Bug 192151

Summary: dovecot causing duplicate message to be created
Product: [Fedora] Fedora Reporter: Paul Dickson <paul>
Component: dovecotAssignee: Tomas Janousek <tjanouse>
Status: CLOSED RAWHIDE QA Contact:
Severity: medium Docs Contact:
Priority: medium    
Version: rawhideCC: tss, wtogami
Target Milestone: ---Keywords: Reopened
Target Release: ---   
Hardware: All   
OS: Linux   
Whiteboard:
Fixed In Version: Doc Type: Bug Fix
Doc Text:
Story Points: ---
Clone Of: Environment:
Last Closed: 2007-04-24 07:25:55 UTC Type: ---
Regression: --- Mount Type: ---
Documentation: --- CRM:
Verified Versions: Category: ---
oVirt Team: --- RHEL 7.3 requirements from Atomic Host:
Cloudforms Team: --- Target Upstream Version:
Embargoed:
Attachments:
Description Flags
Maillog output from dovecot
none
Dovecot maillog entries
none
Maillog with dovecot download of 21 messages that has duplications none

Description Paul Dickson 2006-05-17 21:50:23 UTC
Description of problem:
Whenever I'm off-line a while and messages are queued up, when I download all
new message using POP3, not all of the messages get deleted after downloading.
So the second time I download my E-mail, I get a bunch of duplicate messages.

Version-Release number of selected component (if applicable):
dovecot-1.0-0.beta7.1

How reproducible:
Always

Steps to Reproduce:
1. Have at least a 1000 messages queued to download.
2. Download the messages
3.
  
Actual results:
All messages are downloaded the first time.  The second time, part of the first
download is again downloaded.

Expected results:
Messages are doenloaded only once.

Additional info:
I have been trying to track down the source of the duplicate messages for weeks.
 I noticed this morning that after downloading all 1820 message that I had 471
after just 50 minutes!  I get a lot of E-mail, but never this much in an hour.

Comment 1 Paul Dickson 2006-05-17 21:50:23 UTC
Created attachment 129368 [details]
Maillog output from dovecot

Comment 2 Paul Dickson 2006-05-18 00:59:42 UTC
Created attachment 129379 [details]
Dovecot maillog entries

I was read my mail and noticed more duplicate messages on Monday.  Here are
more entries in maillog from dovecot.  See second attached file.

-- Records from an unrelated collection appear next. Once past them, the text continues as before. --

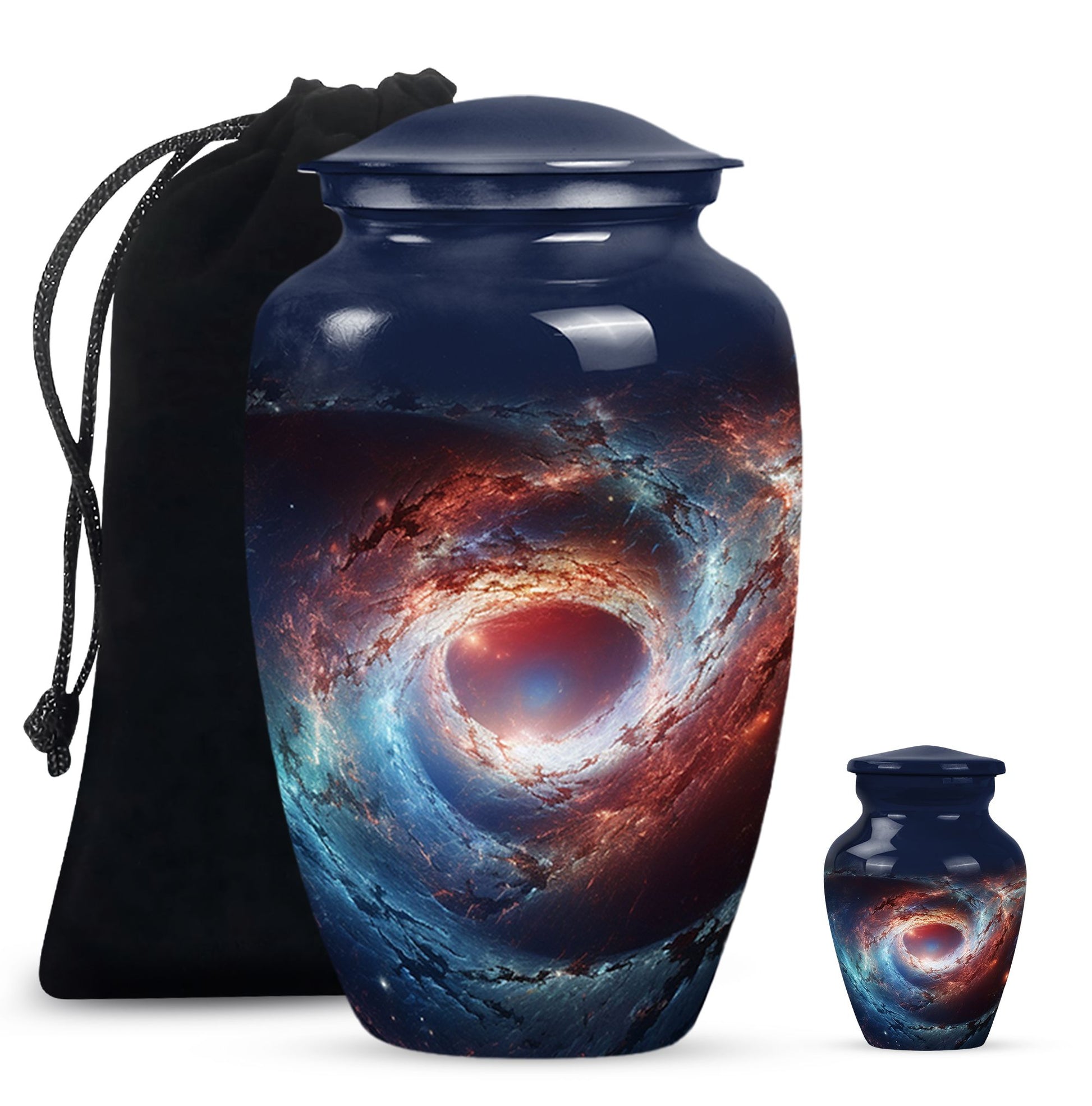 The Cosmic Dance Of Galaxies - Galaxy Urn Teardrop, Heart Shape Urn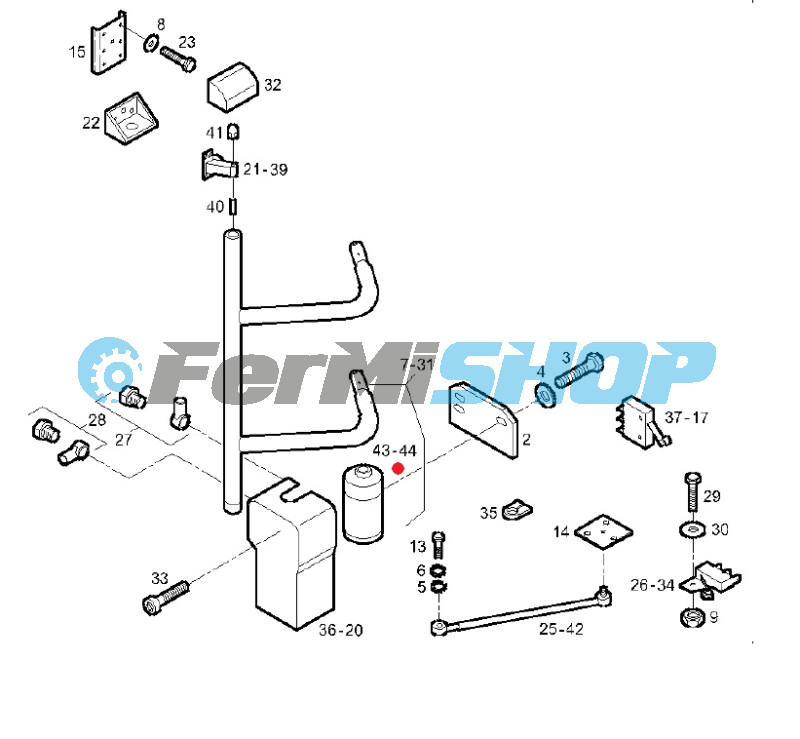503137824 ovládanie dverí Iveco Evadys/ Magelys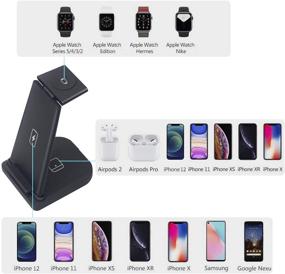 img 3 attached to Ultimate 3-in-1 Wireless Charging Station: Fast Qi-Certified Charger for Airpods Pro, Apple Watch, iPhone 11, and More!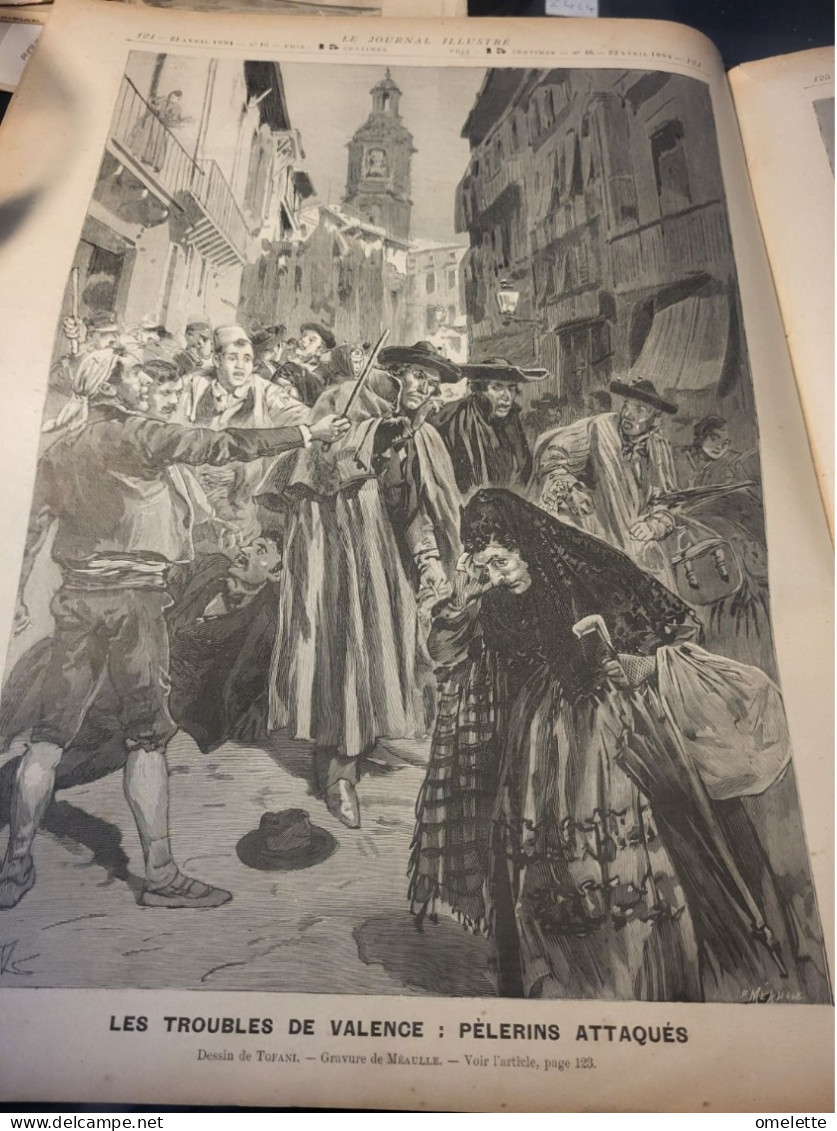 JOURNAL ILLUSTRE 94 /ACCIDENT ROUTE DE CHABLIS / VALENCE PEPERINS ATTAQUES /PREFET POUBELLE JEAN AICARD LAURENTTAILHADE - Revues Anciennes - Avant 1900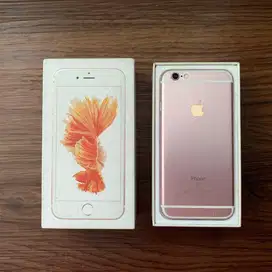 iPhone 6S Rose Gold - Mulus, iCloud Aman + Bonus Case
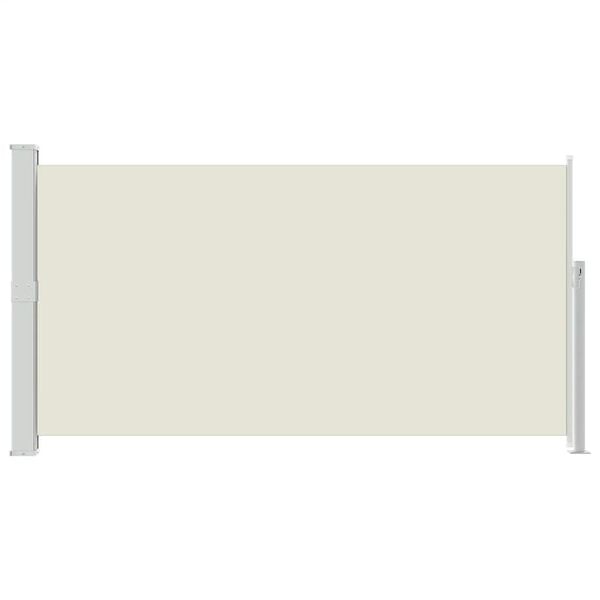 vidaXL Uttrekkbar sidemarkise 170x300 cm kremhvit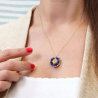 Collier Isaure lapis lazuli – bijou artisanal français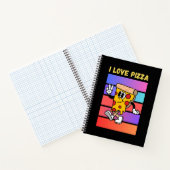 Carnet J'adore la pizza. (Intérieur)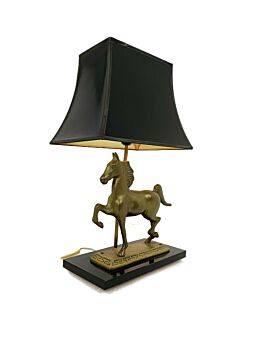 Maison Charles Style Table  Desk Lamp Brass Horse, vintage, gorgeous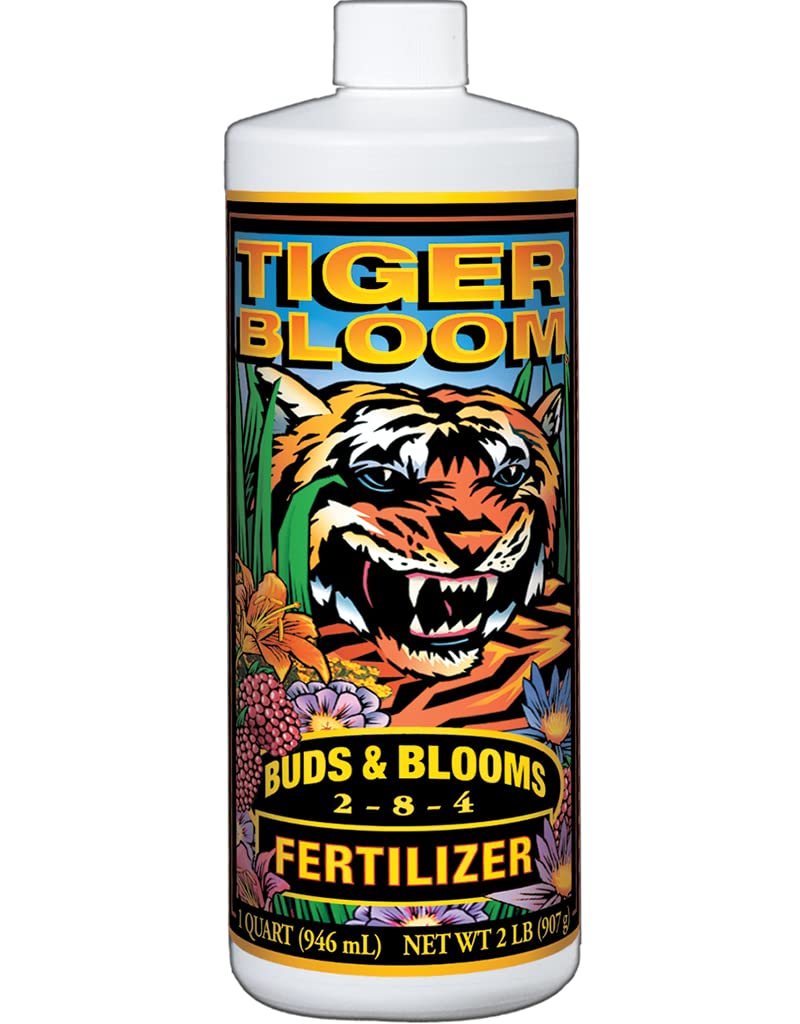 Fox Farm Fertilizer Soil Trio Liquid Nutrient: Tiger Bloom, Grow Big, Quart Bottles + Twin Canaries Chart (Pack of 3-32 oz )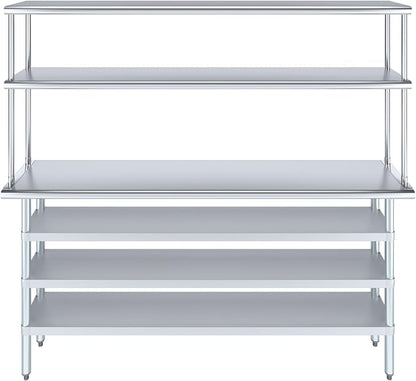 Amgood 14" x 72" Stainless Steel Work Table - Image 2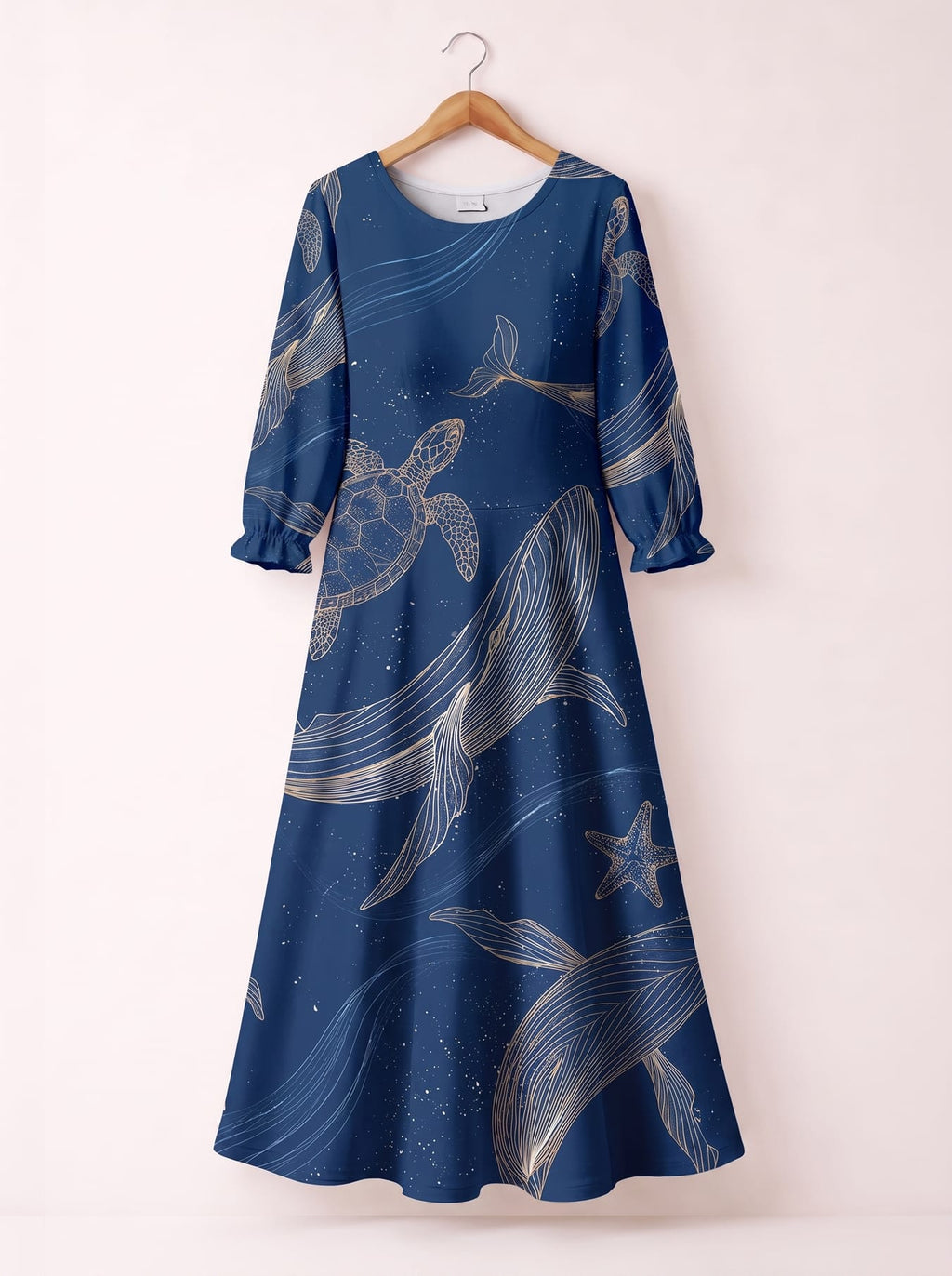 'Pwani' Long Sleeve Maxi Dress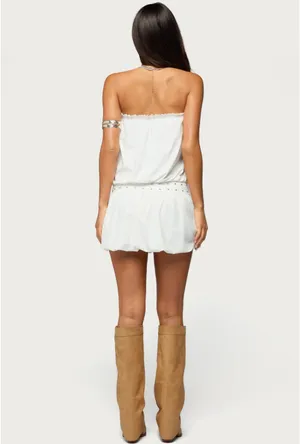 Edikted Bubble Mini Dress thumbnail 2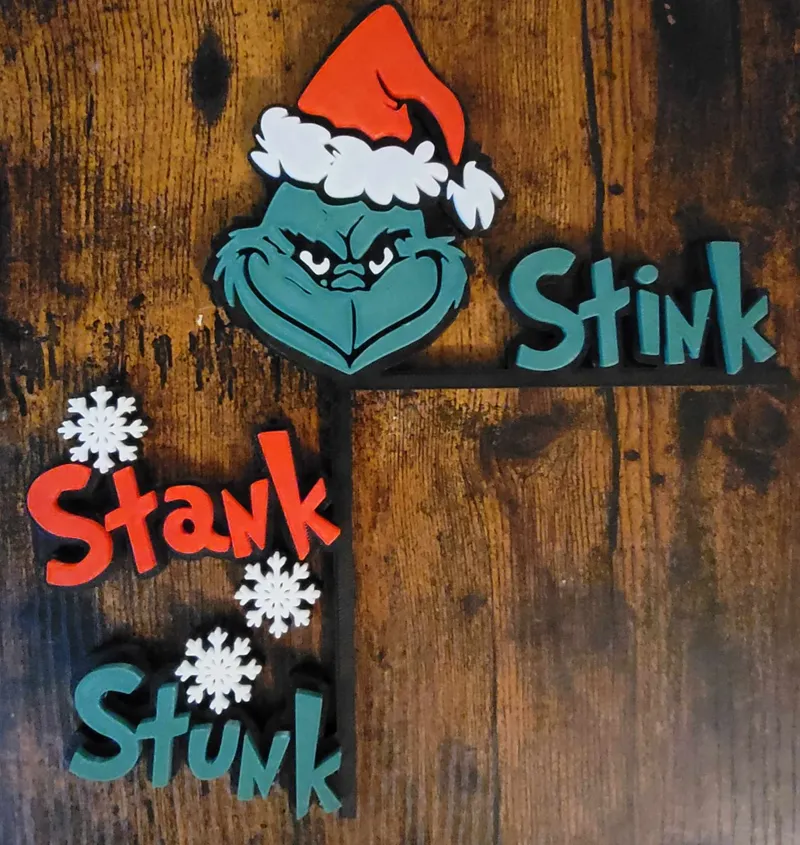 Grinch Door Frame Sign (Left Side)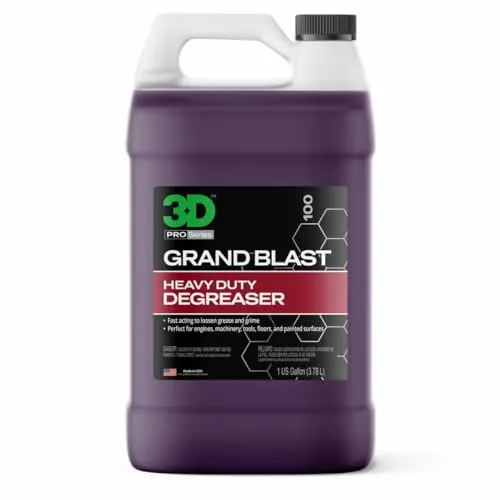 One gallon jug of 3D Grand Blast heavy duty biodegradable engine degreaser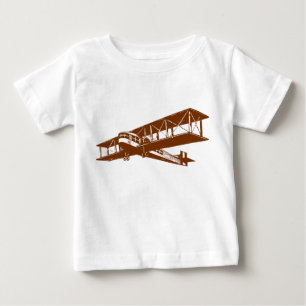 Vintages Flugzeug - Walnut Baby T-shirt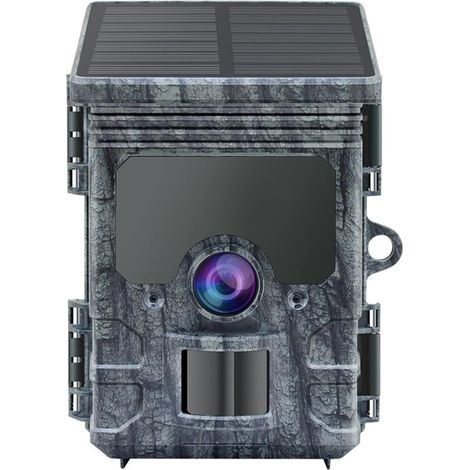 Caméra Faune Sauvage Caméra De Piste Chasse À Panneau Solaire 24MP 1296P Vidéo Photo Piège Activé par Le Mouvement Étanche IP66 Vision Nocturne Surveillance La Faune Fiable Précise (1/5)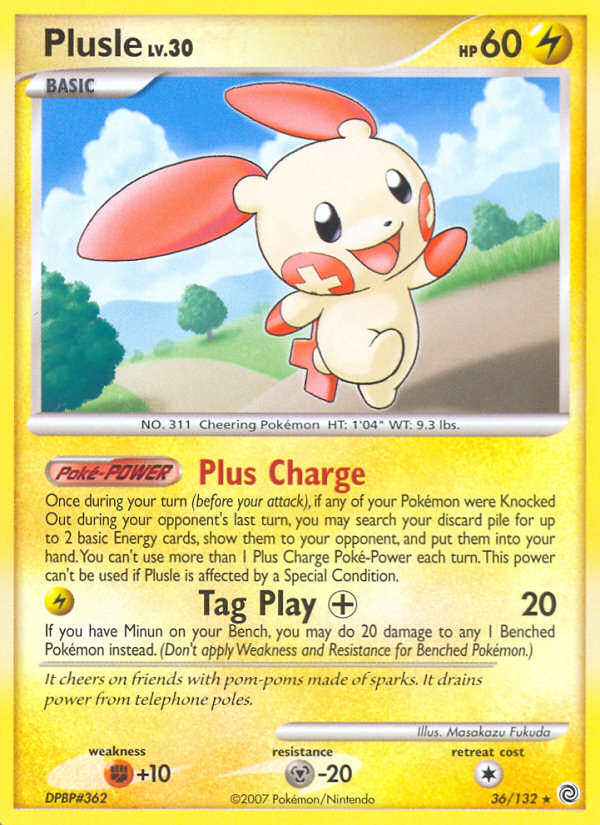 Plusle (36/132) [Diamond & Pearl: Secret Wonders] | The Gaming-Verse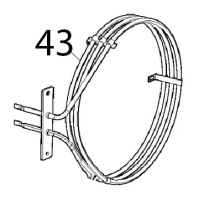 Resistenza circolare D=230, 3 spire Unox XFT 110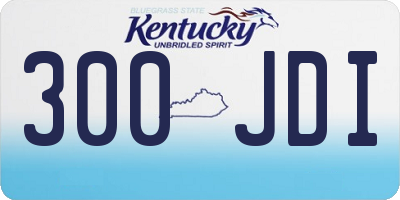 KY license plate 300JDI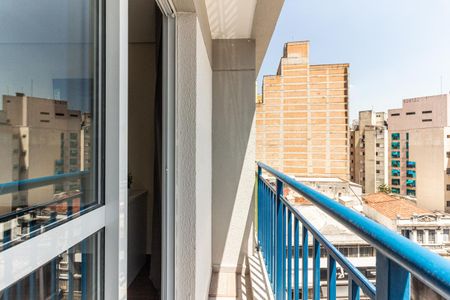 Varanda do Studio de kitnet/studio para alugar com 1 quarto, 20m² em República, São Paulo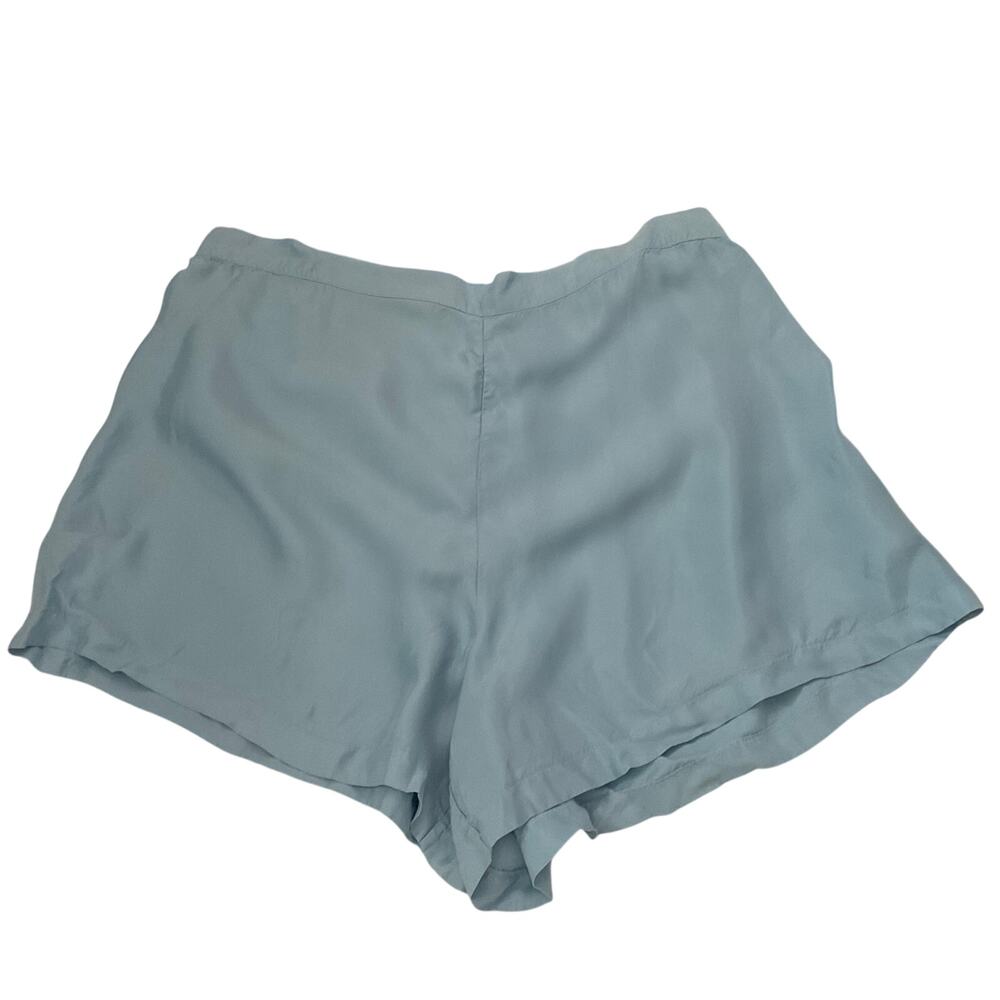 Athleta Calm Cool Satin Blue Lounge Shorts - Size 2X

Comment 3 Petr Rockai 2006-10-10 16:09:15 UTC
Could you please re-test with current dovecot release from devel? It should be 
up to rc7 and the problem may have been addressed upstream. In the case it 
wasn't, i will try to reproduce locally and fix the issue.

Thanks!

Comment 4 Paul Dickson 2006-10-10 23:29:42 UTC
This might not have been a dovecot bug.  I removed the arguments "--expunge 50
-B 256" from fetchmail about a month ago and it seems to have stopped occuring.
 I'm not absolutely sure because some of the duplicates I found later may been
added to mail folder prior to this change, and the few others may have happened
upstream.  I have definately not seen as many duplicates.

Comment 5 Petr Rockai 2006-10-11 06:15:35 UTC
Okey, since there are no other reports of dupes appearing due to dovecot, i'll 
close this report. If you ever run into the problem again and you find any 
hints that it may be dovecot fault, please reopen the report.

Comment 6 Paul Dickson 2007-03-09 18:25:50 UTC
The duplicate messages continues to be a problem.

I'm currently using dovecot-1.0-3.rc22.fc7

For a long time now, I've been getting duplicate E-mail messages.  I've
been trying to determine where the problem lies.  It seems to be coming
from an interaction between dovecot and sylpheed.

The problem is most noticeable when I have several hundred messages
queued to be downloaded by sylpheed (I get slightly more than 100 in
an hour; the dovecot mailbox gets filled every 12 minutes via fetchmail;
sylpheed empties it every 30 minutes, but only while it's running).  
I do not see this problem when everything is behaving normally and
sylpheed is downloading relatively small numbers of messages.  I only
see problems when there's a backlog of email (either fetchmail could
not download messages for a period or sylpheed was not running).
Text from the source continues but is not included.